Luiz Urizar asked the board to change a 2.5-acre tract of property located on Six Flags Parkway east of Bishop Road from residential to industrial to allow him to store and repair his business’ semi tractor-trailers there, his attorney John Moore said.
There are currently two vacant houses and several outbuildings on the lot.
Four people spoke in opposition to the zoning change: attorney Kevin Ross, representing the Silver Creek subdivision; Courtney Edwards of Austell, who lives in the nearby Silver Creek subdivision; Cupid, and Robin Meyer, vice president of the Mableton Improvement Coalition.
Meyer said the proposal was “not the sort of high-quality, sustainable development the community needs,” and Cupid said the area in question has continuing conflicts between residential and industrial properties, but Moore said the county’s land use plan calls for the property to be priority industrial and pointed out that the county staff and Planning Commission recommended approving the zoning request. He also said the request had already been continued three times.
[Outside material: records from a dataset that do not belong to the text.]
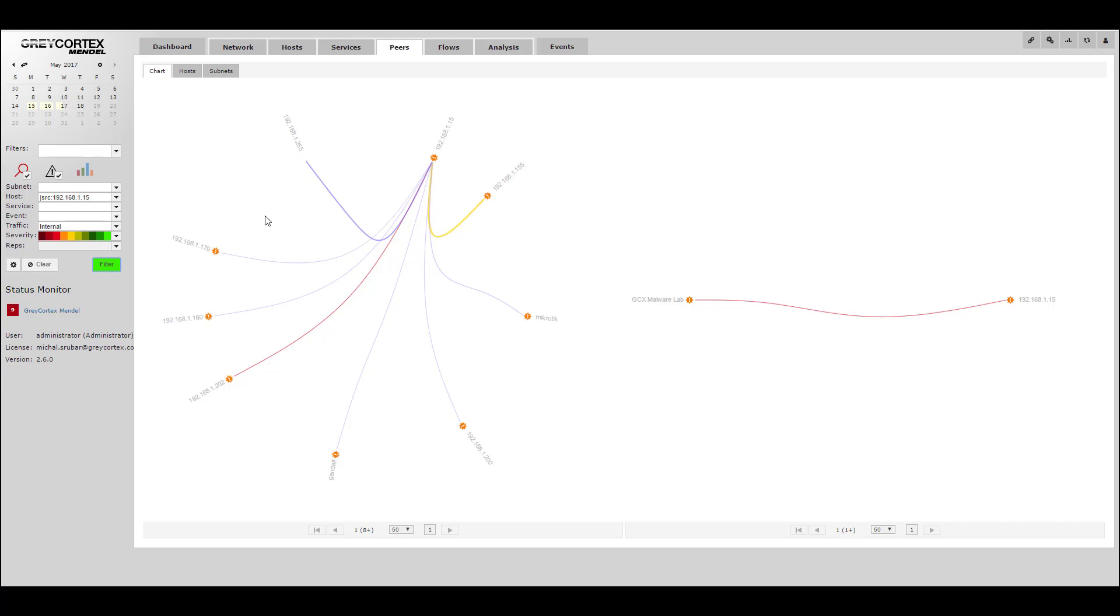Here, we can see that there were internal hosts contacted. To find out if they were infected, we're going to return to the Events tab.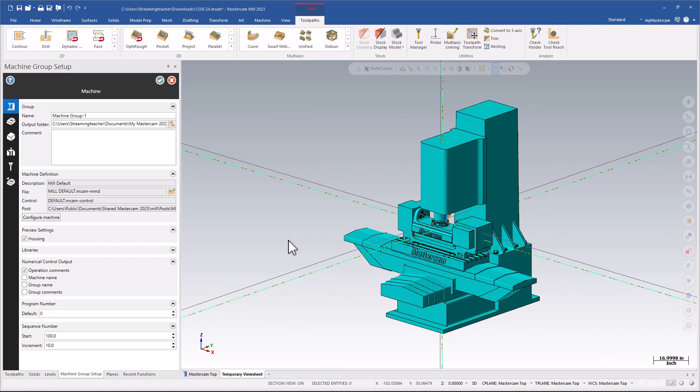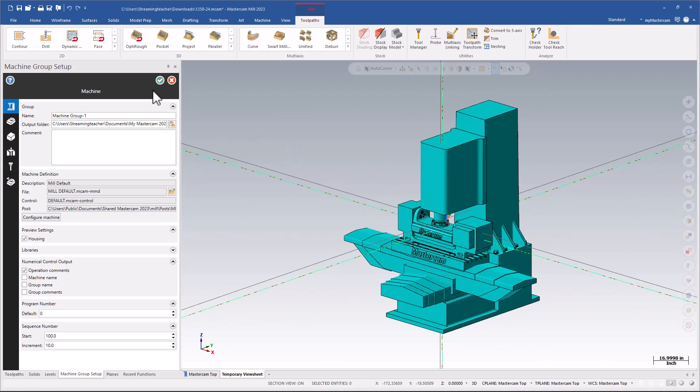Today, I want to talk about this particular page. When we open our new machine group setup for 2023, we get a machine model right on screen. If this is the correct machine for whatever you're programming for, that's great. But if it's not, this can be a little bit confusing because every machine is basically coming in set up like this. So how do we change this for our machine? Let's get into it.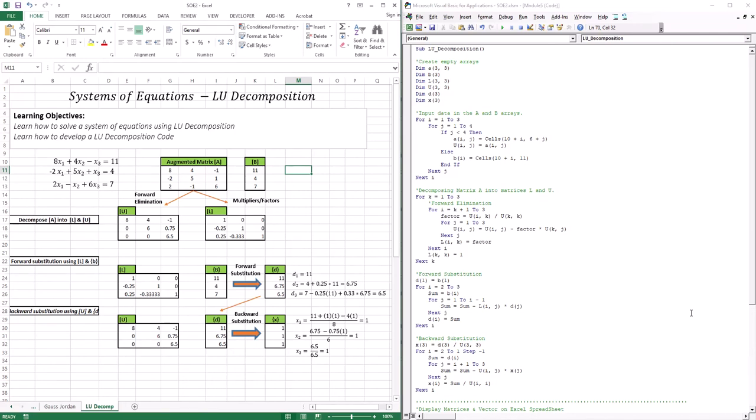In this session, we're going to introduce a new topic in terms of solving systems of equations, and that topic is LU decomposition. So up to this point, you know how to solve systems of equations using, for instance, Gauss elimination.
“(Cupid) was the one that was working with the community down there trying to work this out, and so she kept asking me to continue it to meet with the community, and we did meet down there twice,” Moore told the Journal after the meeting. “I was just trying to accommodate her and the community.”
While Cupid asked that the proposal be continued until the next zoning meeting, the commissioner she unseated in the Democratic primary, Woody Thompson, whose term ends on Dec. 31, called for the zoning change to be approved, which commissioners did in a 4-1 vote with Bob Ott opposed.
“I think holding it is more appropriate,” Ott said.
Were Cupid to have been on the commission, she still would have needed Tim Lee, JoAnn Birrell or Helen Goreham to have switched their vote for her request to have been upheld.
After the meeting, Cupid said she was disheartened by the vote.
“I cannot even express to you all the optimism I had in moving into this role, and how it sometimes may seem there’s a disparity between the district and the others is just a matter of perception or only a matter of the history of south Cobb’s development before the other areas, but today just seemed to communicate that there’s something greater going on,” she said.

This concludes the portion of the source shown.